After the housing market crash of 2007-2009, many homeowners found that they were unwilling or unable to sell a home, even when life events created a need to relocate. As a result, more people took on the role of landlord to keep up with the costs of owning more than one home.

But this “era of the unlikely landlord” has come to an end. In June 2015, the government reported the 16th consecutive quarterly price increase in U.S. homes. Now, the unlikely landlord may be more interested in disposing of a home, and may be looking into beneficial ways to transfer ownership.

The straight sale of a rental home can often result in substantial tax liabilities, including capital gain taxes on the appreciation of the home, taxes of up to 25 percent on the gain due to the allowed depreciation deductions, and the new (as of 2013) 3.8 percent Net Investment Income tax.

Taxpayers understandably want to minimize the tax liability caused by the disposition of their homes, and may look to donate the home to a qualified charitable organization. However, as this article describes, taxpayers and their advisors should be aware that making a direct gift of the home is not beneficial in every case.

The marriage of two tax benefits

First, here’s some background on two often extremely favorable tax breaks: rental real estate and noncash charitable contributions.

Rental real estate

Homeowners with extra available real estate can charge another person rent to live in the home, and the owners can use the rent to offset the costs of owning the home. These homeowners can then deduct the ordinary and necessary expenses of keeping up a rental home against their rental income.

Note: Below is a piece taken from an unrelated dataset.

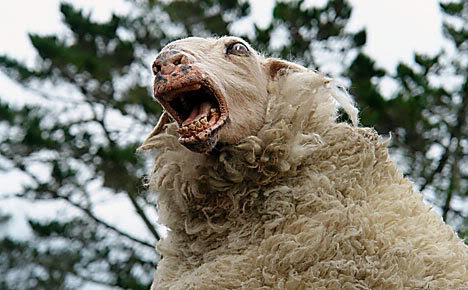 In Safety Study, Sheep on Meth Are Shocked With Tasers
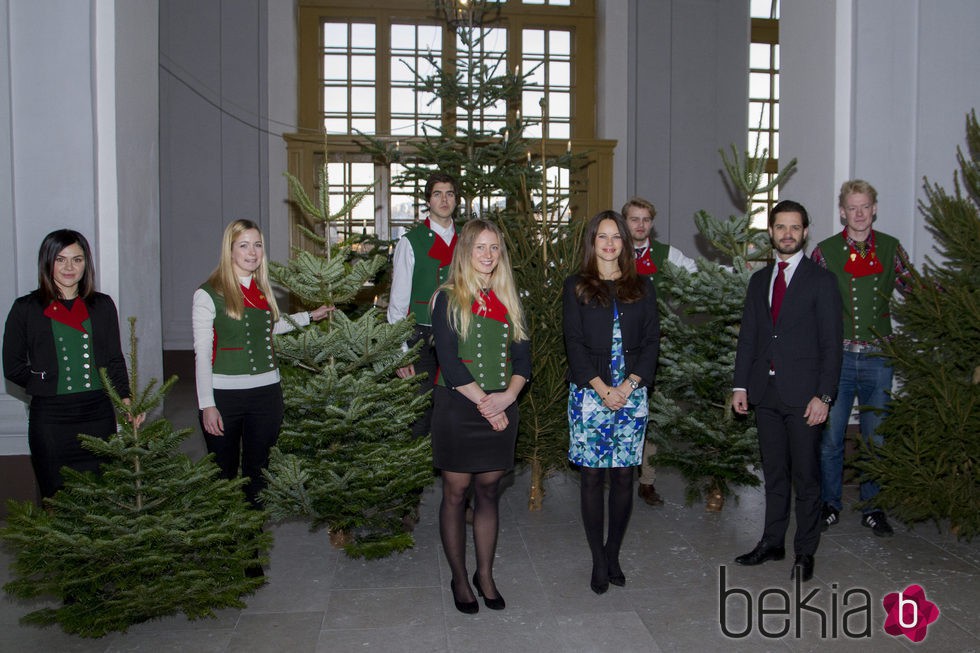 Carlos Felipe de Suecia y Sofia Hellqvist recogen los árboles de Navidad 2015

For example, rental property owners can deduct depreciation on their tax return every year, for the normal wear and tear of the rental property over time. This is true even if the taxpayers don’t pay any money out-of-pocket for this tax write-off during the current tax year. Therefore, over time, tenants can essentially subsidize the owner’s costs of owning the property.

Noncash charitable contributions of capital gain property

The beauty of this tax benefit is twofold:

  • First, a taxpayer doesn’t have to donate cash to support a charity – so something originally purchased for personal reasons, such as a vacation home or land used for hunting, can make a difference when the taxpayer is no longer using it.
  • Second, making a contribution in this way creates a dollar-for-dollar reduction in taxable income (up to certain percentage of adjusted gross income) for the fair market value of the property, regardless of the taxpayer’s basis in the property.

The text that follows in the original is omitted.